▽

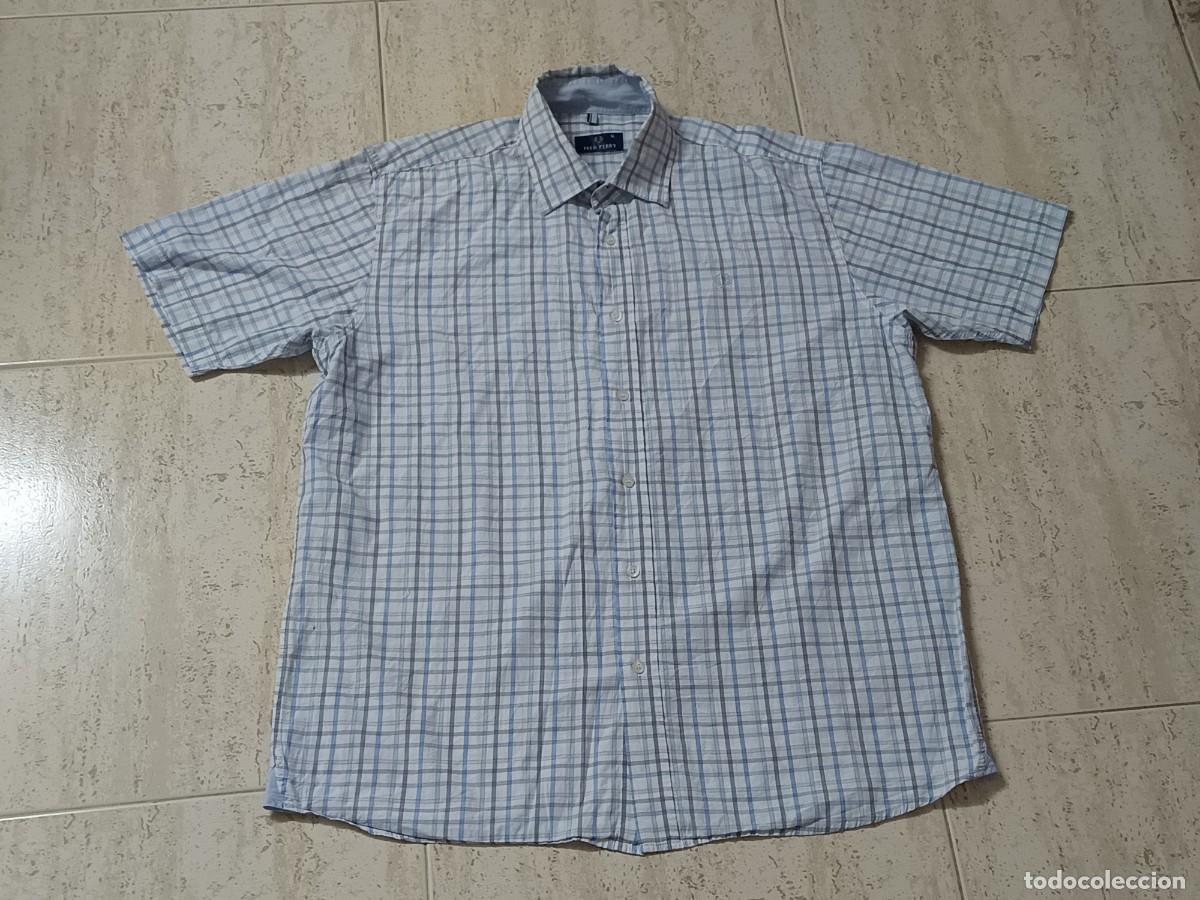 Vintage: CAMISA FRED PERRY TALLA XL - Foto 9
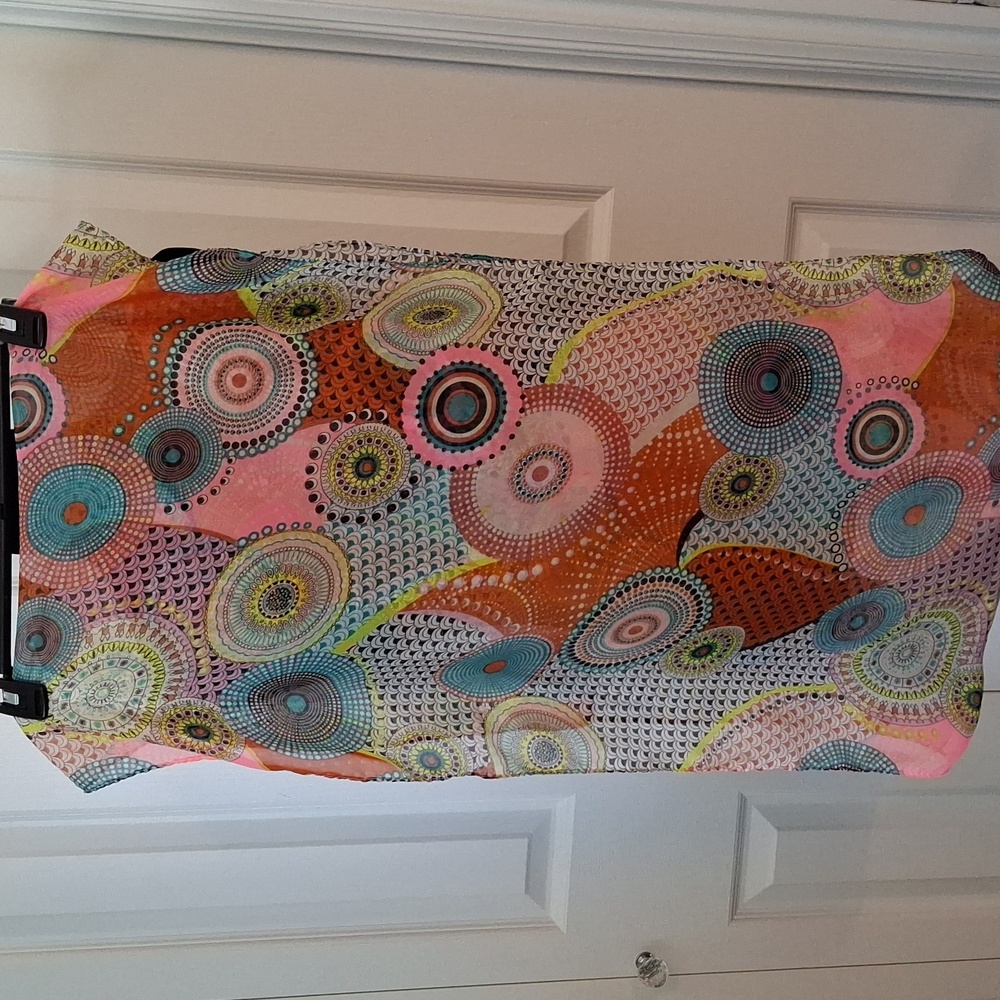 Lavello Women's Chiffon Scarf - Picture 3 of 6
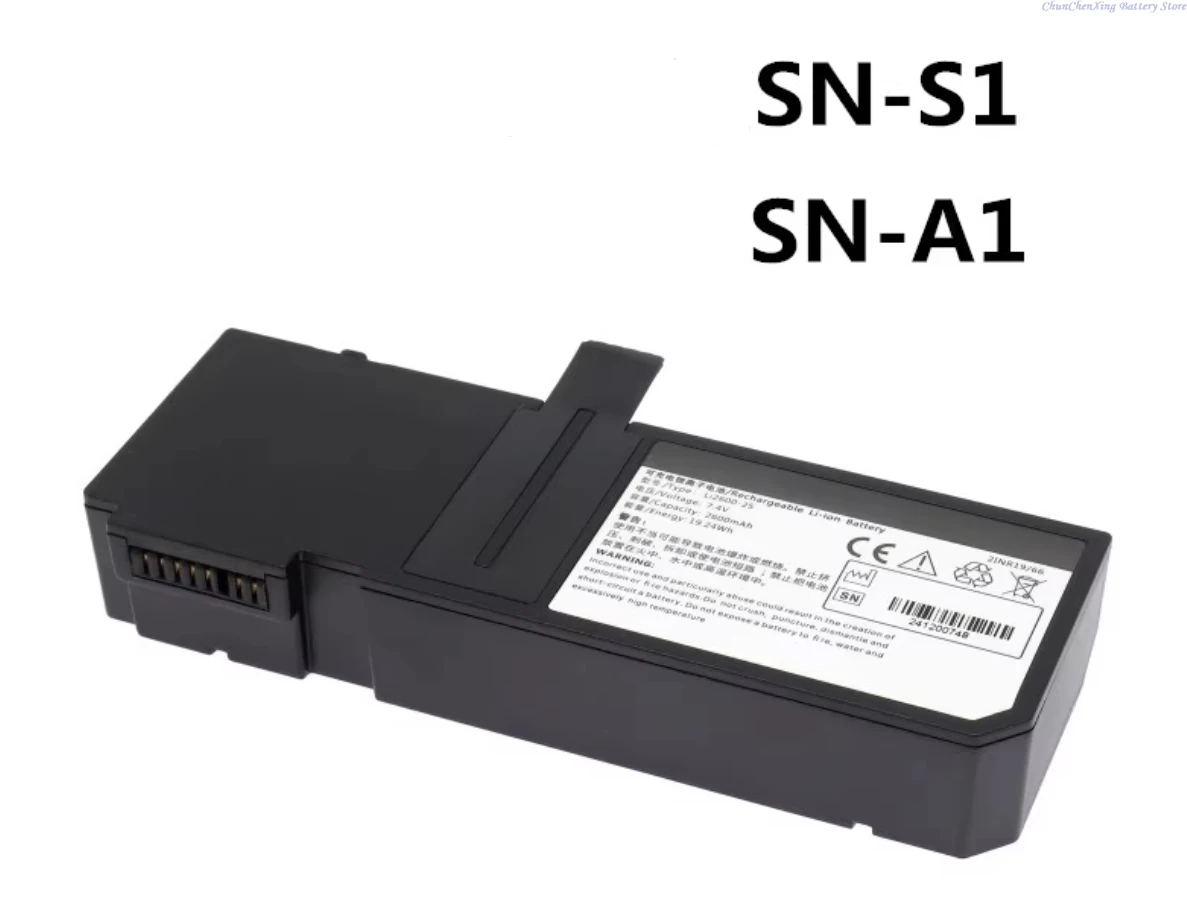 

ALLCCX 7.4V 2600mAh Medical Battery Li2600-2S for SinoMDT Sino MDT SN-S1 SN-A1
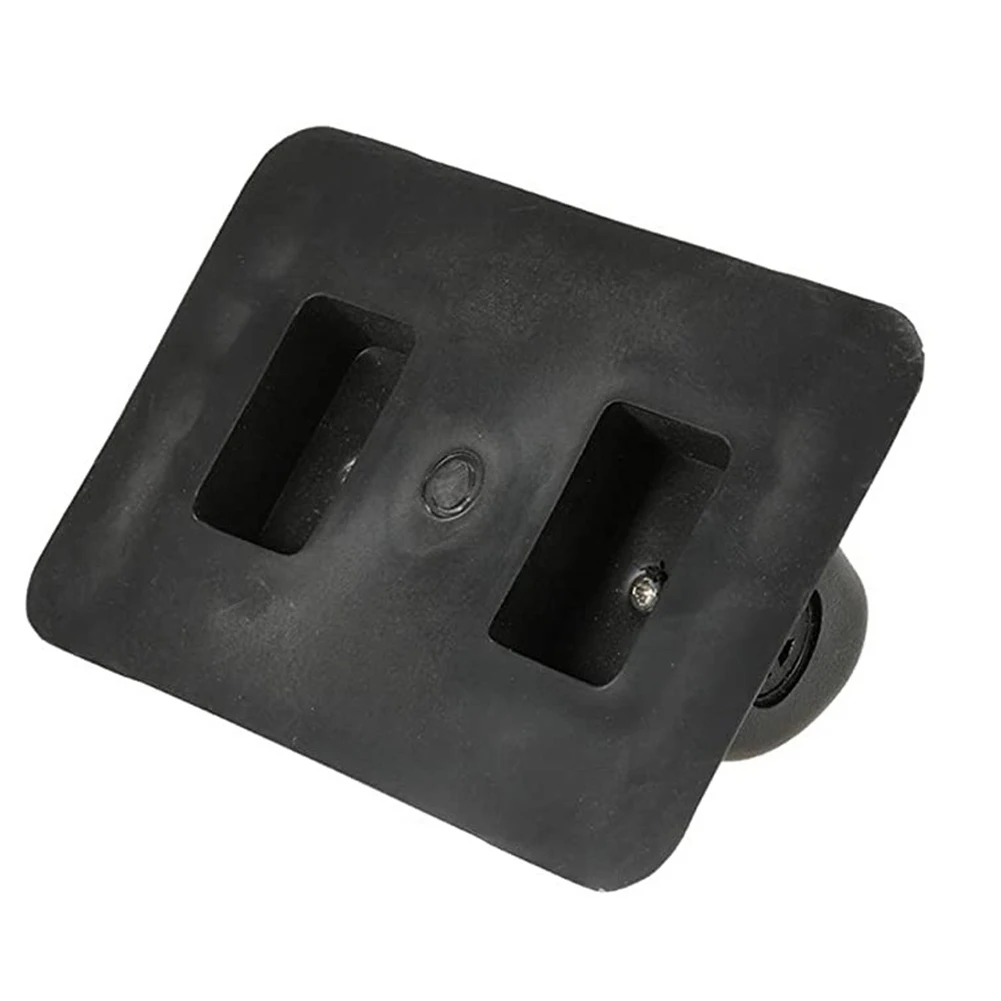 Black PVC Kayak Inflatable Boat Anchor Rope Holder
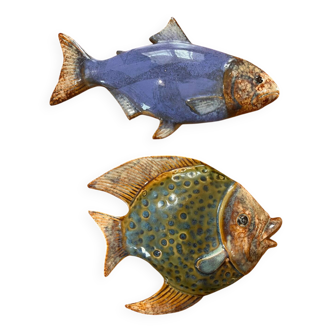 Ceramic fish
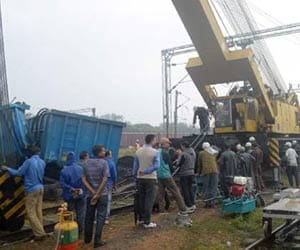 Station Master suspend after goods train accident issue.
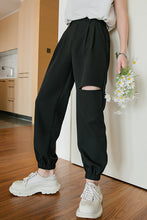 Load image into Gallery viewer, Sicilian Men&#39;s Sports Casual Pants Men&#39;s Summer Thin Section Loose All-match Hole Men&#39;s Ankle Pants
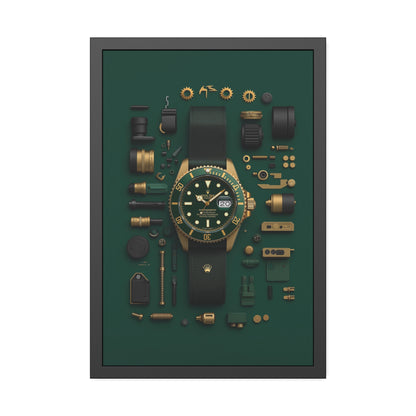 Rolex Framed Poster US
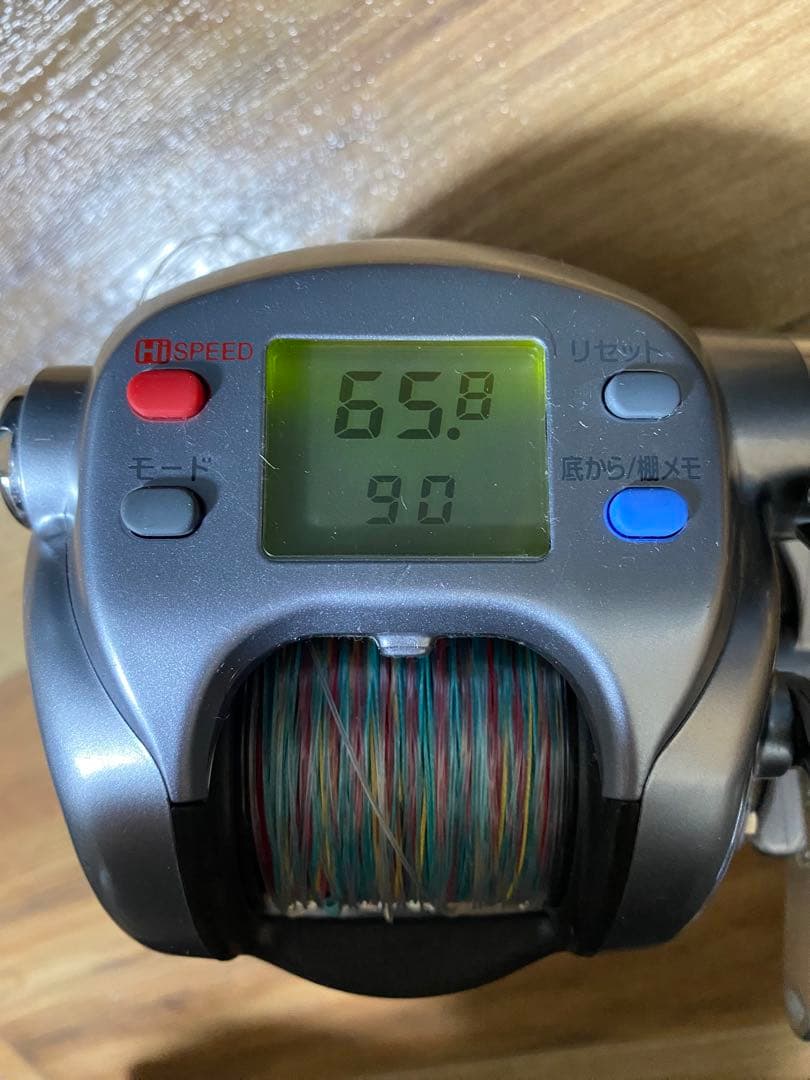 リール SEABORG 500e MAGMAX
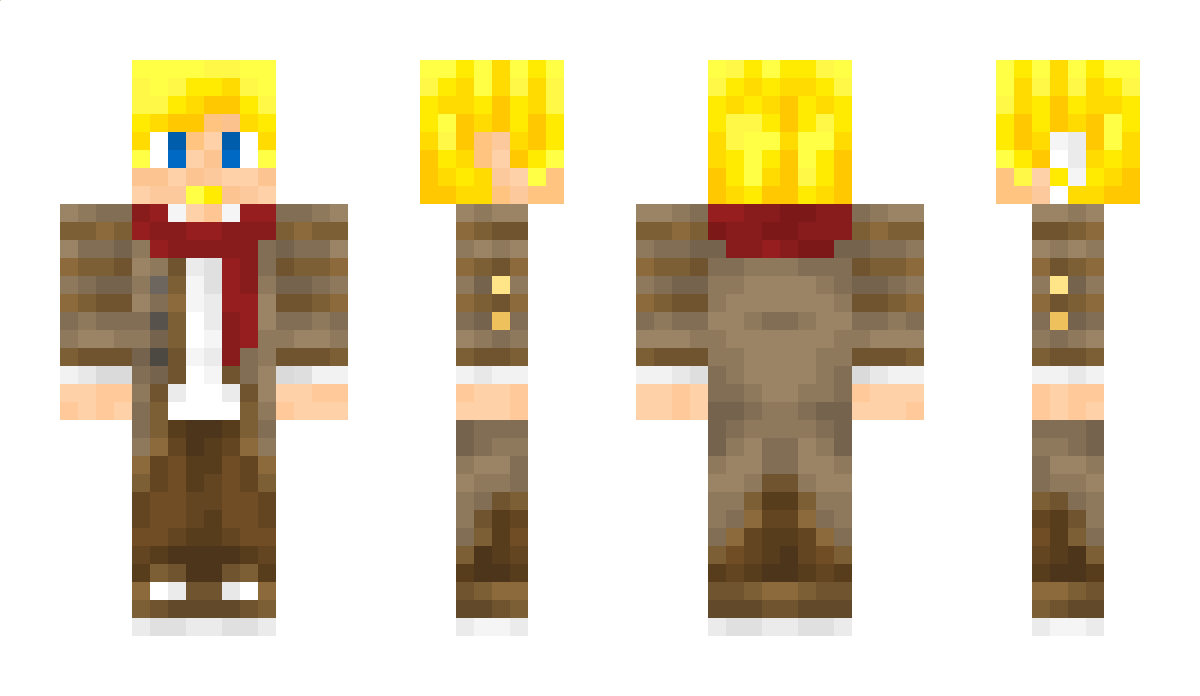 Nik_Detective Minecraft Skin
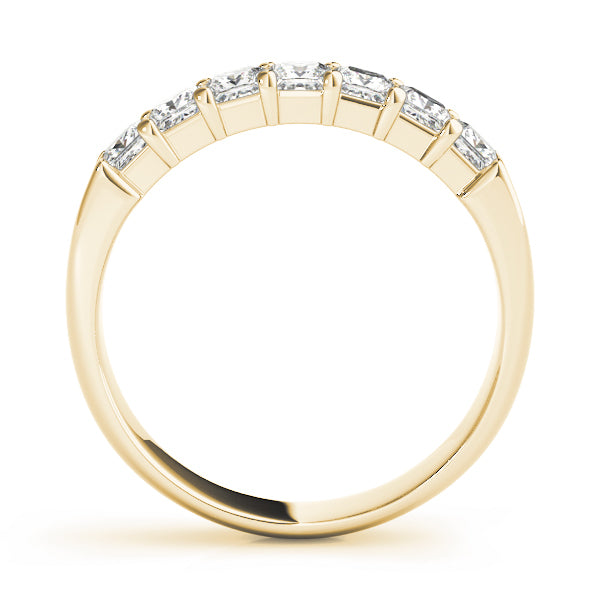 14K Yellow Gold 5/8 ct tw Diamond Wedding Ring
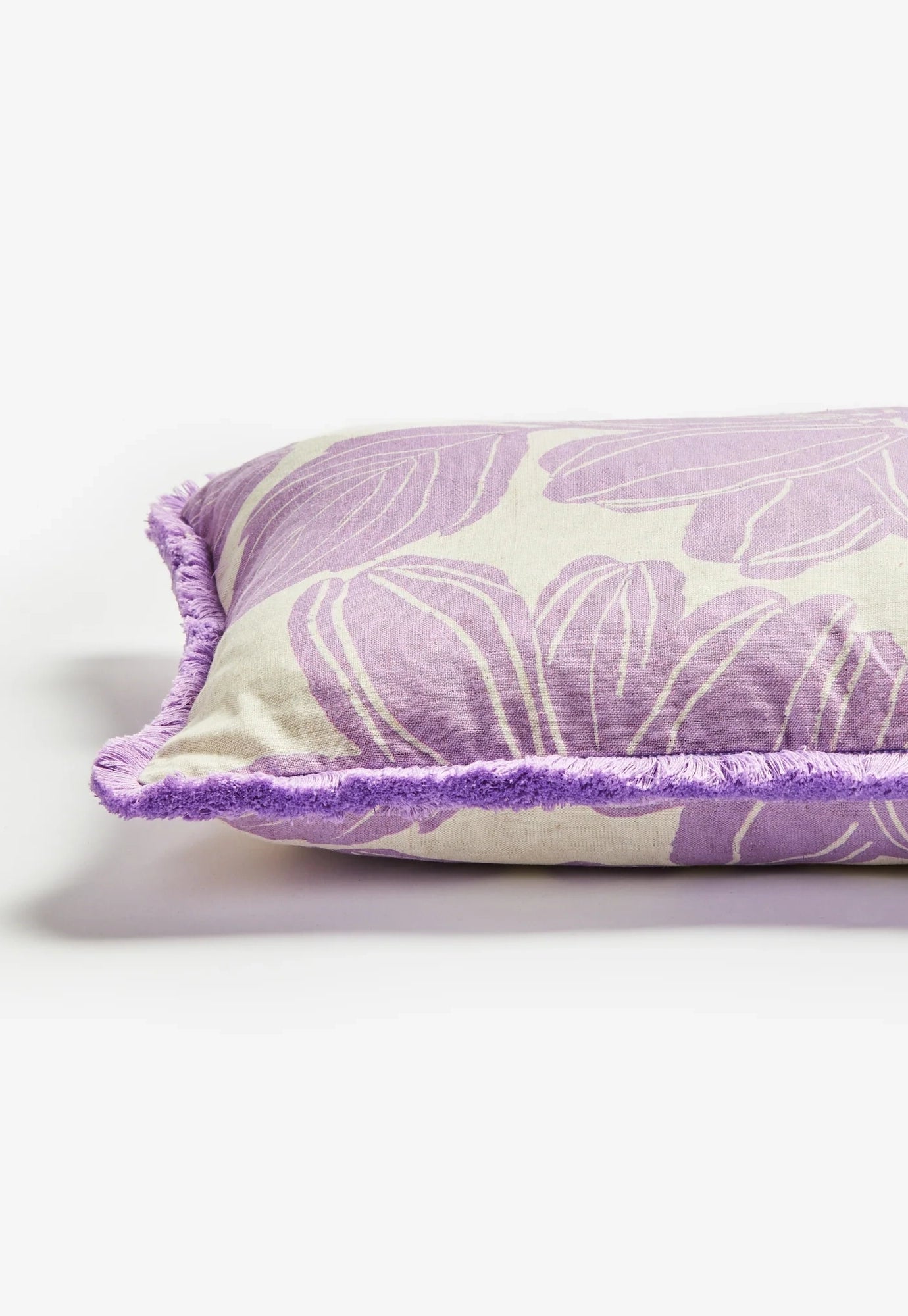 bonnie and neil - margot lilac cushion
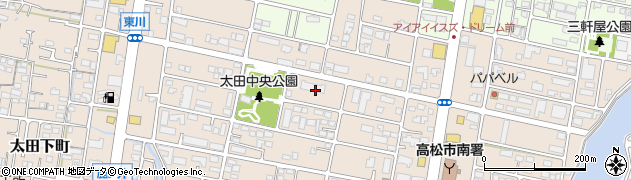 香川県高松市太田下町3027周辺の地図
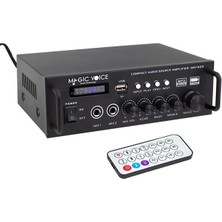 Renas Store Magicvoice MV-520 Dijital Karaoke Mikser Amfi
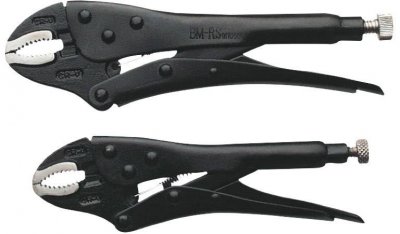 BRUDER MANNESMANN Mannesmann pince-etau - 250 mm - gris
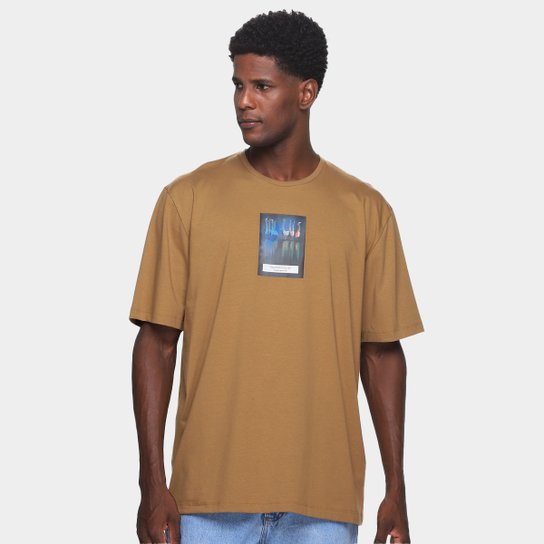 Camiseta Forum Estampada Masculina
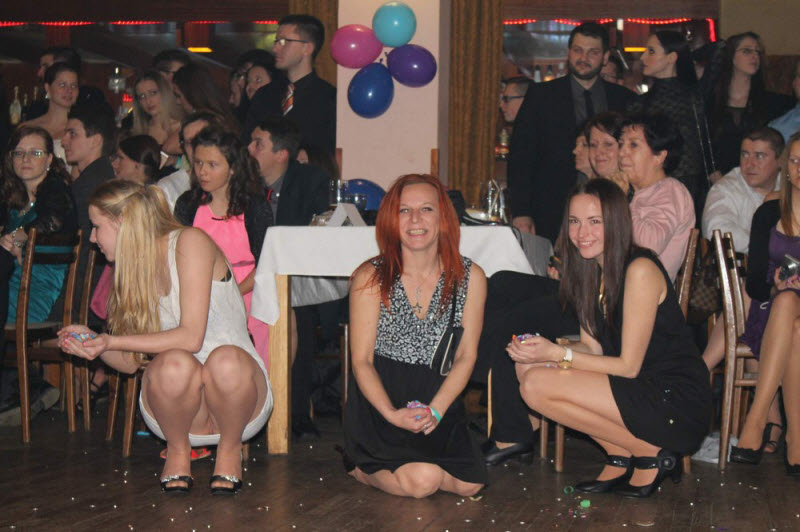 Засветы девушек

△

> TASK BRIEF
For this exercise, return exactly the lines above from the line with "Lavello Women's Chiffon" through the line with "リール SEABORG 500e MAGMAX", both included. Do not copy the pictures.

> ANSWER BOX
 Lavello Women's Chiffon Scarf - Picture 3 of 6

ALLCCX 7.4V 2600mAh Medical Battery Li2600-2S for SinoMDT Sino MDT SN-S1 SN-A1
 Black PVC Kayak Inflatable Boat Anchor Rope Holder
 Ceramic fish
 Station Master suspend after goods train accident issue.
 Load image into Gallery viewer, Sicilian Men&#39;s Sports Casual Pants Men&#39;s Summer Thin Section Loose All-match Hole Men&#39;s Ankle Pants
 Rolex Framed Poster US
 リール SEABORG 500e MAGMAX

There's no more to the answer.